▼▼▼

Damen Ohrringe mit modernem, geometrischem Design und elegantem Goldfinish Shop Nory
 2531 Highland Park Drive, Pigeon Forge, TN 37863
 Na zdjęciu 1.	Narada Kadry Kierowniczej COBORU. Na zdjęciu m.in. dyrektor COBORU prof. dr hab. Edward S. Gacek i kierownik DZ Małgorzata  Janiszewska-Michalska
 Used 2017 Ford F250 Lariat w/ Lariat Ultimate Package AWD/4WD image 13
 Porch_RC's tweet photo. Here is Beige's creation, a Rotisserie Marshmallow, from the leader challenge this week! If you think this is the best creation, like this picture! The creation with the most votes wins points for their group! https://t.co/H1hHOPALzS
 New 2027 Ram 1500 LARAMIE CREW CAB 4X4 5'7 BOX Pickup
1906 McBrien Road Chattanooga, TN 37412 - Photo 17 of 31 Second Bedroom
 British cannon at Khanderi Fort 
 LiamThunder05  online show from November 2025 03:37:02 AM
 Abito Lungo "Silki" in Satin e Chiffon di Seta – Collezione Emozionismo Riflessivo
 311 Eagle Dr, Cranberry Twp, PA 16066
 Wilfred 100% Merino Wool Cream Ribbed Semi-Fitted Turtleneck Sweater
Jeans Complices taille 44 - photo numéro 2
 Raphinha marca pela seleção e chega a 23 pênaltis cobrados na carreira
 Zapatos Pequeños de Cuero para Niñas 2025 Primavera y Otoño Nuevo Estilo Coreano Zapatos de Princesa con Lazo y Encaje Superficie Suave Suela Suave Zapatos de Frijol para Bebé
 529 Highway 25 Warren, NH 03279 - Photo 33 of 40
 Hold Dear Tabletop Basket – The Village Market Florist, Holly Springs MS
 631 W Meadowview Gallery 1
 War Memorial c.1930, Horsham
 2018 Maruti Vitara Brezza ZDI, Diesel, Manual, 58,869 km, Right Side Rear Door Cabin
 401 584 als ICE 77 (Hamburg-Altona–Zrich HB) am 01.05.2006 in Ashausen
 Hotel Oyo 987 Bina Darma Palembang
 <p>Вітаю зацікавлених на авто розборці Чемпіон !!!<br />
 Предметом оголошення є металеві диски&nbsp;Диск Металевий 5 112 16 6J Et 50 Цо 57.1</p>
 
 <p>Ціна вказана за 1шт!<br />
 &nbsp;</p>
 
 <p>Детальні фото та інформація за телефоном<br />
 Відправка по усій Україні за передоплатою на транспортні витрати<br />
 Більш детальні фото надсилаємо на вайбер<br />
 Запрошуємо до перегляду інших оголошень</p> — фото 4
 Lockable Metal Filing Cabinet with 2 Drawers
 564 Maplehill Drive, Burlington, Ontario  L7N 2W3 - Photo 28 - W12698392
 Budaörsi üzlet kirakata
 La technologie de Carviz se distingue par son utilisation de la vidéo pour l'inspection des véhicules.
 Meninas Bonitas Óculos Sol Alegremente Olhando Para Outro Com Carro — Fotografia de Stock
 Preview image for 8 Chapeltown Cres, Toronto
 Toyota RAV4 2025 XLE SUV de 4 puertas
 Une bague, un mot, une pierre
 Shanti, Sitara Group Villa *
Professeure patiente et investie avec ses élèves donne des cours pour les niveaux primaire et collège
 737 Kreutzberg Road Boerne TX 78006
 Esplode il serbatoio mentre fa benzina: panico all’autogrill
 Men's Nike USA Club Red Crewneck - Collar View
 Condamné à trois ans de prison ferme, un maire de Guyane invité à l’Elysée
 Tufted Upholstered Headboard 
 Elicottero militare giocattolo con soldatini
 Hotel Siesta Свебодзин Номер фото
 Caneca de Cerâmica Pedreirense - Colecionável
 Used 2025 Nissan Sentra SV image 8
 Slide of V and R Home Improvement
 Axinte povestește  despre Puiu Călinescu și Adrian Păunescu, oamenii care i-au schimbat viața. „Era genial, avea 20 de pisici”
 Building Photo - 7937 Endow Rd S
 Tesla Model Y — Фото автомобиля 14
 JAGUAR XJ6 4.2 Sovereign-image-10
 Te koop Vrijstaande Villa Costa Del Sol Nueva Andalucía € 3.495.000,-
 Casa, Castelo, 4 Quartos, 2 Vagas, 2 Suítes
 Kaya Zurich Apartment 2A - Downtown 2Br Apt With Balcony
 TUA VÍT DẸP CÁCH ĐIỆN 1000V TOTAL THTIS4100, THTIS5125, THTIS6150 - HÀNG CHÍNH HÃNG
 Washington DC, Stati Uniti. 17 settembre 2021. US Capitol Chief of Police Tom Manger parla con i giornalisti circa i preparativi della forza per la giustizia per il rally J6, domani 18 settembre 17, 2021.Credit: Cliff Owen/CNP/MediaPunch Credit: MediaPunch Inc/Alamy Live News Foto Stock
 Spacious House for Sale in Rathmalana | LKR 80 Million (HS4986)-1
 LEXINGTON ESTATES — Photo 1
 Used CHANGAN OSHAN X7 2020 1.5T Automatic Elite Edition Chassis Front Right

▲▲▲

What you need to do. Copy the entries exactly as they appear.

Problem solution.
Damen Ohrringe mit modernem, geometrischem Design und elegantem Goldfinish Shop Nory
 2531 Highland Park Drive, Pigeon Forge, TN 37863
 Na zdjęciu 1.	Narada Kadry Kierowniczej COBORU. Na zdjęciu m.in. dyrektor COBORU prof. dr hab. Edward S. Gacek i kierownik DZ Małgorzata  Janiszewska-Michalska
 Used 2017 Ford F250 Lariat w/ Lariat Ultimate Package AWD/4WD image 13
 Porch_RC's tweet photo. Here is Beige's creation, a Rotisserie Marshmallow, from the leader challenge this week! If you think this is the best creation, like this picture! The creation with the most votes wins points for their group! https://t.co/H1hHOPALzS
 New 2027 Ram 1500 LARAMIE CREW CAB 4X4 5'7 BOX Pickup
1906 McBrien Road Chattanooga, TN 37412 - Photo 17 of 31 Second Bedroom
 British cannon at Khanderi Fort 
 LiamThunder05  online show from November 2025 03:37:02 AM
 Abito Lungo "Silki" in Satin e Chiffon di Seta – Collezione Emozionismo Riflessivo
 311 Eagle Dr, Cranberry Twp, PA 16066
 Wilfred 100% Merino Wool Cream Ribbed Semi-Fitted Turtleneck Sweater
Jeans Complices taille 44 - photo numéro 2
 Raphinha marca pela seleção e chega a 23 pênaltis cobrados na carreira
 Zapatos Pequeños de Cuero para Niñas 2025 Primavera y Otoño Nuevo Estilo Coreano Zapatos de Princesa con Lazo y Encaje Superficie Suave Suela Suave Zapatos de Frijol para Bebé
 529 Highway 25 Warren, NH 03279 - Photo 33 of 40
 Hold Dear Tabletop Basket – The Village Market Florist, Holly Springs MS
 631 W Meadowview Gallery 1
 War Memorial c.1930, Horsham
 2018 Maruti Vitara Brezza ZDI, Diesel, Manual, 58,869 km, Right Side Rear Door Cabin
 401 584 als ICE 77 (Hamburg-Altona–Zrich HB) am 01.05.2006 in Ashausen
 Hotel Oyo 987 Bina Darma Palembang
 <p>Вітаю зацікавлених на авто розборці Чемпіон !!!<br />
 Предметом оголошення є металеві диски&nbsp;Диск Металевий 5 112 16 6J Et 50 Цо 57.1</p>
 
 <p>Ціна вказана за 1шт!<br />
 &nbsp;</p>
 
 <p>Детальні фото та інформація за телефоном<br />
 Відправка по усій Україні за передоплатою на транспортні витрати<br />
 Більш детальні фото надсилаємо на вайбер<br />
 Запрошуємо до перегляду інших оголошень</p> — фото 4
 Lockable Metal Filing Cabinet with 2 Drawers
 564 Maplehill Drive, Burlington, Ontario  L7N 2W3 - Photo 28 - W12698392
 Budaörsi üzlet kirakata
 La technologie de Carviz se distingue par son utilisation de la vidéo pour l'inspection des véhicules.
 Meninas Bonitas Óculos Sol Alegremente Olhando Para Outro Com Carro — Fotografia de Stock
 Preview image for 8 Chapeltown Cres, Toronto
 Toyota RAV4 2025 XLE SUV de 4 puertas
 Une bague, un mot, une pierre
 Shanti, Sitara Group Villa *
Professeure patiente et investie avec ses élèves donne des cours pour les niveaux primaire et collège
 737 Kreutzberg Road Boerne TX 78006
 Esplode il serbatoio mentre fa benzina: panico all’autogrill
 Men's Nike USA Club Red Crewneck - Collar View
 Condamné à trois ans de prison ferme, un maire de Guyane invité à l’Elysée
 Tufted Upholstered Headboard 
 Elicottero militare giocattolo con soldatini
 Hotel Siesta Свебодзин Номер фото
 Caneca de Cerâmica Pedreirense - Colecionável
 Used 2025 Nissan Sentra SV image 8
 Slide of V and R Home Improvement
 Axinte povestește  despre Puiu Călinescu și Adrian Păunescu, oamenii care i-au schimbat viața. „Era genial, avea 20 de pisici”
 Building Photo - 7937 Endow Rd S
 Tesla Model Y — Фото автомобиля 14
 JAGUAR XJ6 4.2 Sovereign-image-10
 Te koop Vrijstaande Villa Costa Del Sol Nueva Andalucía € 3.495.000,-
 Casa, Castelo, 4 Quartos, 2 Vagas, 2 Suítes
 Kaya Zurich Apartment 2A - Downtown 2Br Apt With Balcony
 TUA VÍT DẸP CÁCH ĐIỆN 1000V TOTAL THTIS4100, THTIS5125, THTIS6150 - HÀNG CHÍNH HÃNG
 Washington DC, Stati Uniti. 17 settembre 2021. US Capitol Chief of Police Tom Manger parla con i giornalisti circa i preparativi della forza per la giustizia per il rally J6, domani 18 settembre 17, 2021.Credit: Cliff Owen/CNP/MediaPunch Credit: MediaPunch Inc/Alamy Live News Foto Stock
 Spacious House for Sale in Rathmalana | LKR 80 Million (HS4986)-1
 LEXINGTON ESTATES — Photo 1
 Used CHANGAN OSHAN X7 2020 1.5T Automatic Elite Edition Chassis Front Right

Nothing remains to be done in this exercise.